The U.S. airlines said they amassed 44 documents totaling 1,021
pages. The Wall Street Journal has viewed many of them, at least
one of which is in Flemish. Among other information, they indicate
that international auditors at times endorsed two of the airlines
as viable businesses--or "going concerns"--contingent on further
financial backing from their shareholders.
In Etihad's 2013 annual report, for example, KPMG LLP said it
audited the accounts on a going-concern basis "notwithstanding the
fact that the group had accumulated losses of $3.76 billion" as of
December 2013. KPMG said it had prepared the 2013 statements based
on approval of $3.5 billion in additional shareholder funding in
2014 by Abu Dhabi's ruling body.
The U.S. carriers, citing at least nine years of Etihad
financial statements, claim such shareholder funding was part of
$17 billion in state subsidies provided to Etihad since 2004.
Etihad says it has received equity investments and loans from
its government.
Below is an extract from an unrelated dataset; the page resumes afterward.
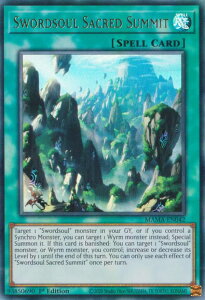 �V�Y�� MAMA-EN042 ���������� Swordsoul Sacred Summit (�p��� 1st Edition �E���g�����A) Magnificent Mavens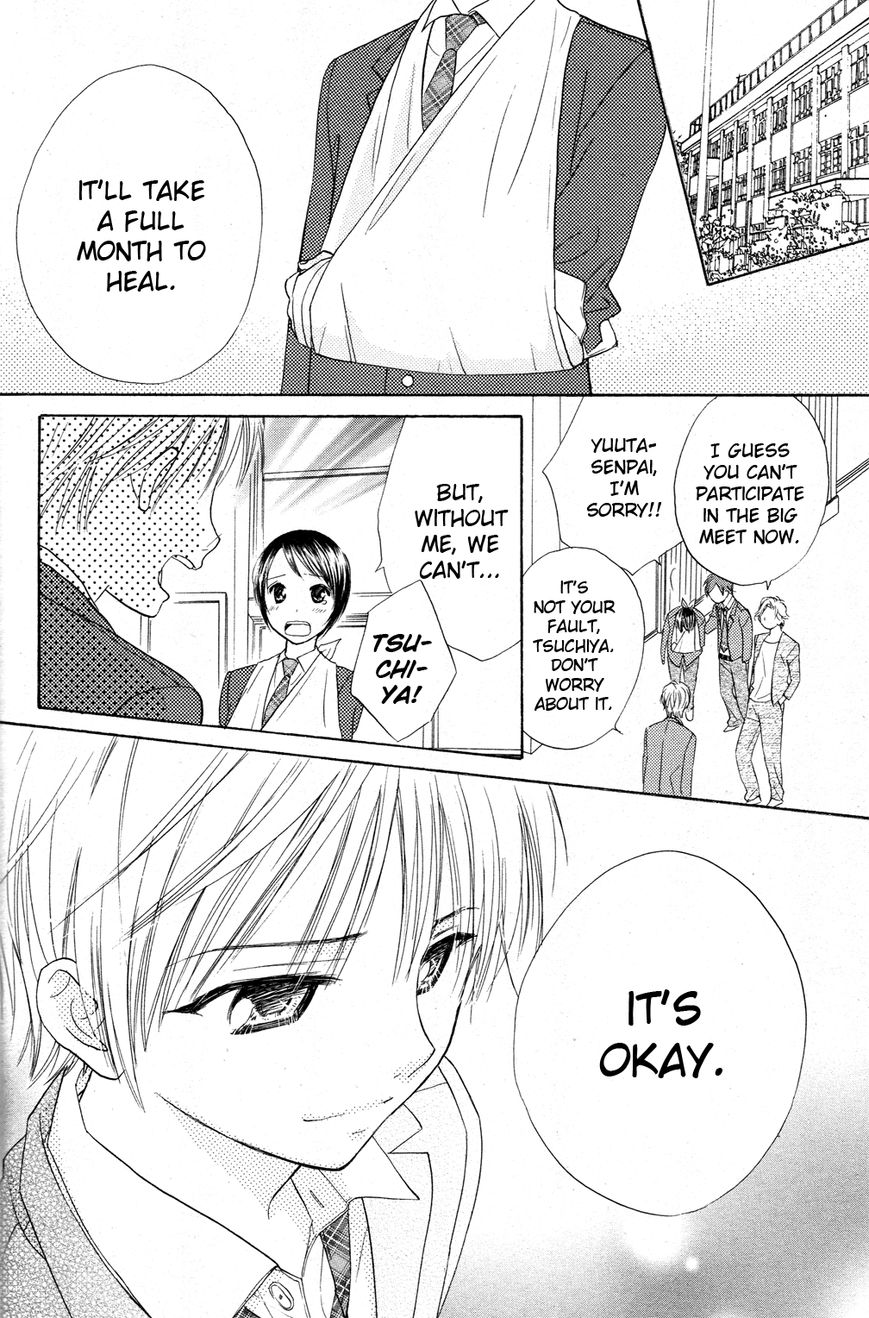 Tumbling (MIZUKAMI Wataru) Chapter 1 page 20 - Chapter 1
It says it can't comment on specific claims because
it hasn't seen the full documentation behind the U.S. carriers'
previously issued summary.
The U.S. airlines said they also assembled 19 years of annual
accounts for Qatar Airways that show it received $16 billion in
total subsidies since 2004.
In Qatar Airways' 2009 financial statement, auditor Ernst &
Young LLP reported that the current- and previous-year losses
exceeded 50% of company capital. A special meeting was convened
that year to weigh options including dissolving the company.
Shareholders decided instead to fund its liabilities.
In the same statement, the auditors noted that the government
loans were non-interest bearing, had no specific repayment terms
and could be converted to equity because repayment wasn't likely to
occur in the foreseeable future.
Qatar Airways said Chief Executive Akbar Al Baker is expected to
address the U.S. carriers' allegations in presentations scheduled
for May 13.
Emirates has published its financial statements for the past 13
years and is starting to make earlier reports available as well.
But the U.S. carriers claim they also uncovered evidence that it
received at least $5 billion in subsidies since 2004.
Among other things, they pointed to a reduction from 15.1
billion U.A.E. dirhams to 5.6 million dirhams in fuel-price hedging
contracts on its books between 2008 and 2009, a time when many
airlines took hedging losses after jet fuel prices tumbled. The
majority of the contracts were transferred to a Dubai government
holding company, the financial statement said.
PricewaterhouseCoopers LLP audited the books.
Emirates declined to comment on the hedging contracts. Last
week, it said it had requested that the U.S. government release the
materials received from the U.S. airlines, as well as information
it had requested from them, so Emirates can "defend itself against
the pernicious falsehoods that have wrongly been advanced against
it."
Emirates, Etihad and Qatar Airways say they abide by
International Financial Reporting Standards. Qatar's books also
make that claim. All three companies say they have earned their
burgeoning traffic with superior service and a range of new
destinations. KPMG, PricewaterhouseCoopers, and Ernst & Young
declined to comment on client accounts.
The U.S. carriers want the Obama administration to revise
existing "open skies" air treaties with Qatar and the United Arab
Emirates to account for the purported government aid. Meanwhile,
the U.S. carriers also want the government to freeze additional
Gulf airline service to the U.S., retroactive to January,
restricting planned new routes.
The Gulf carriers and open skies air treaties generally have won
support from U.S. cargo airlines, discount carriers such as JetBlue
Airways Corp., and U.S. airport and tourism groups. Centre for
Aviation, a respected Australian aviation researcher, took the U.S.
airlines to task in a recent report for failing to account for the
customer benefits such new airplanes, exotic destinations and lower
fares provided by the Gulf carriers and not demonstrating serious
harm to U.S. airlines by their expansion.